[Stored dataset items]

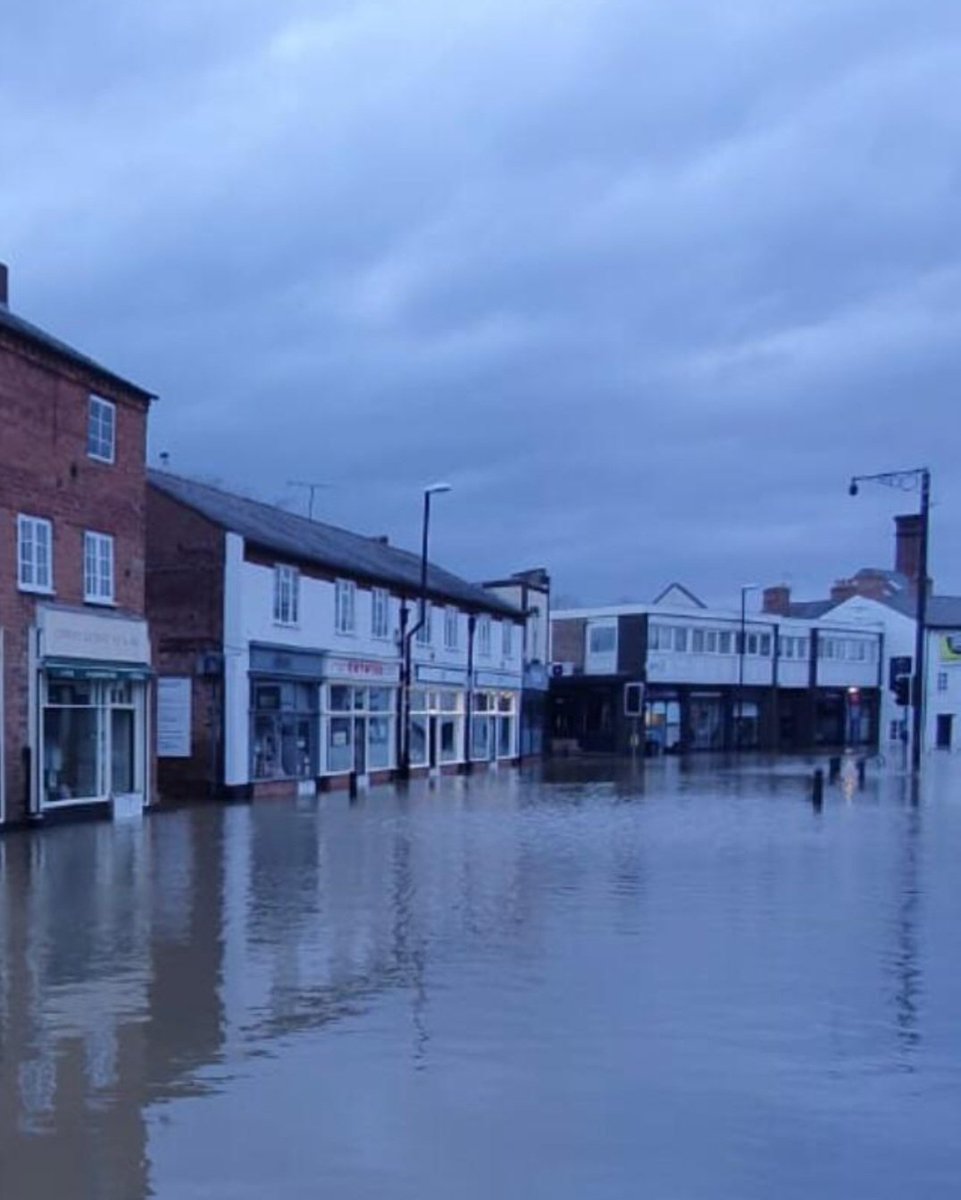 Duncan Jones tweet media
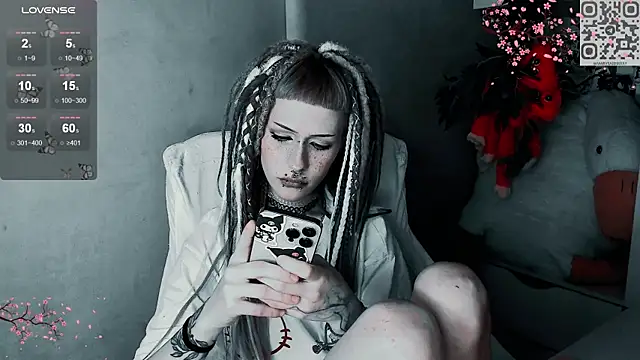 Snapshot of say_mary chatting on November 24, 2:28 pm say mary online show from November 24, 2:28 pm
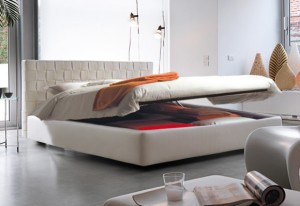 lit coffre blanc ouvert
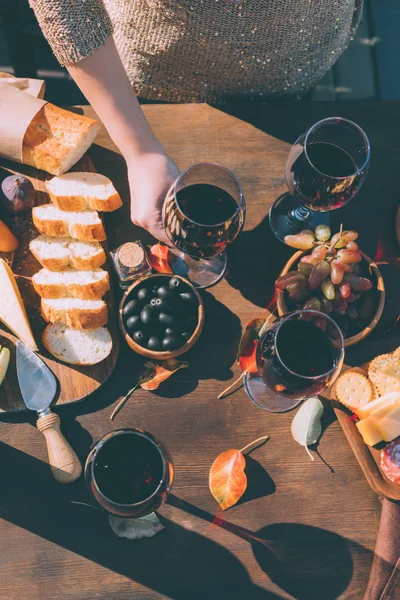 Femme tenant un verre de vin — Photo de stock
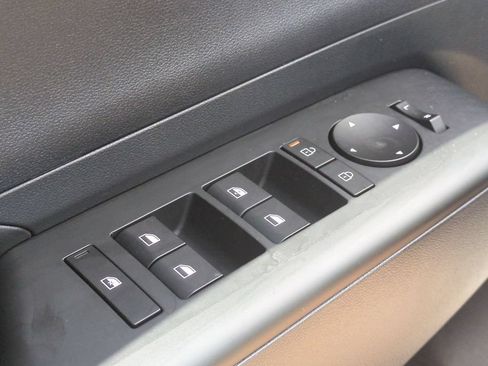 New 2027 Hyundai Kona SE FWD image 29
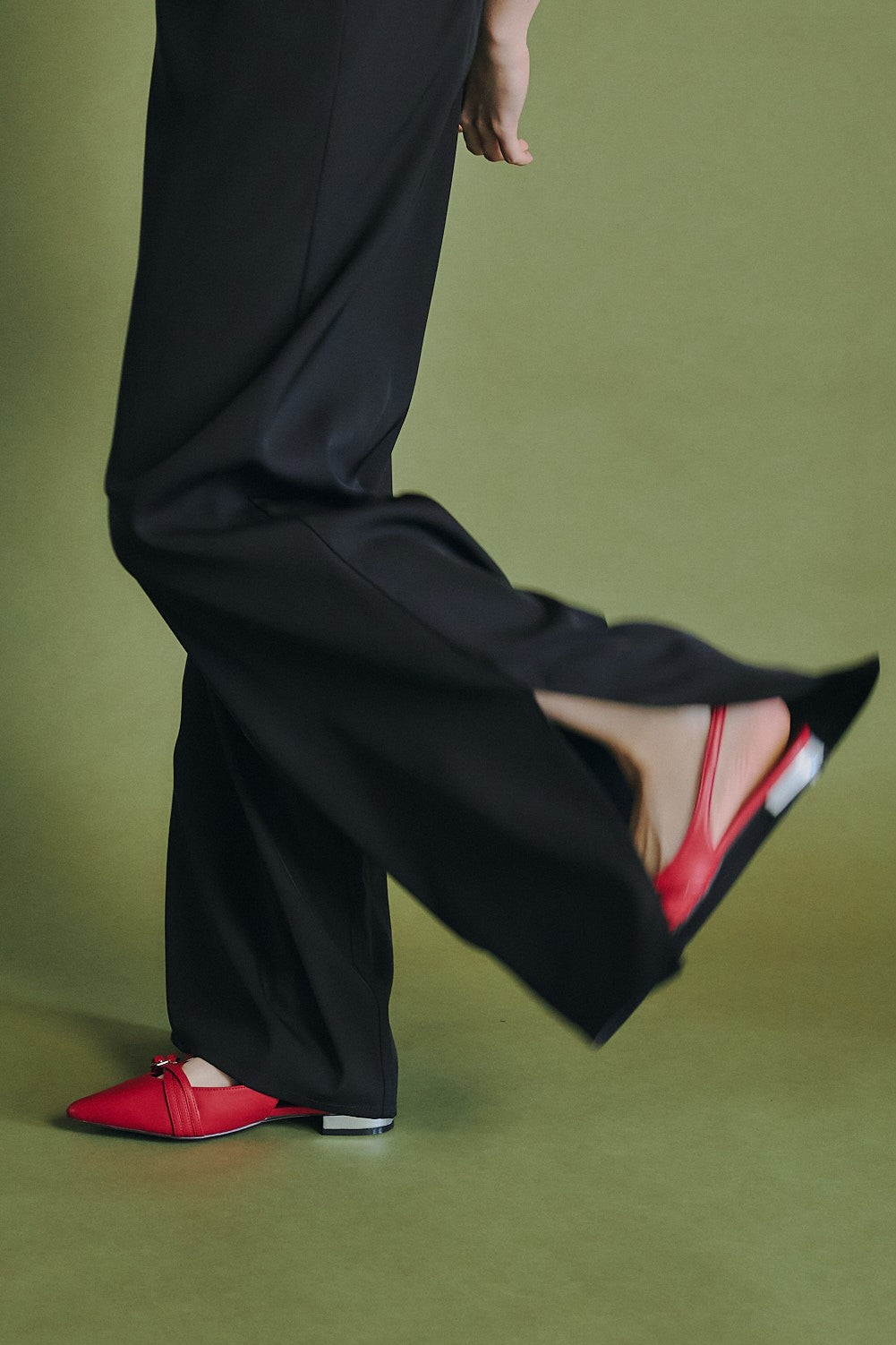 962 strap overlay pumps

▶ **Directions**: Exclude the pictures, and output exactly the lines from the one with "New 2027 Hyundai Kona SE FWD image 29" through the last line of the records, both included.

▶ **Solution**:
 New 2027 Hyundai Kona SE FWD image 29
 962 strap overlay pumps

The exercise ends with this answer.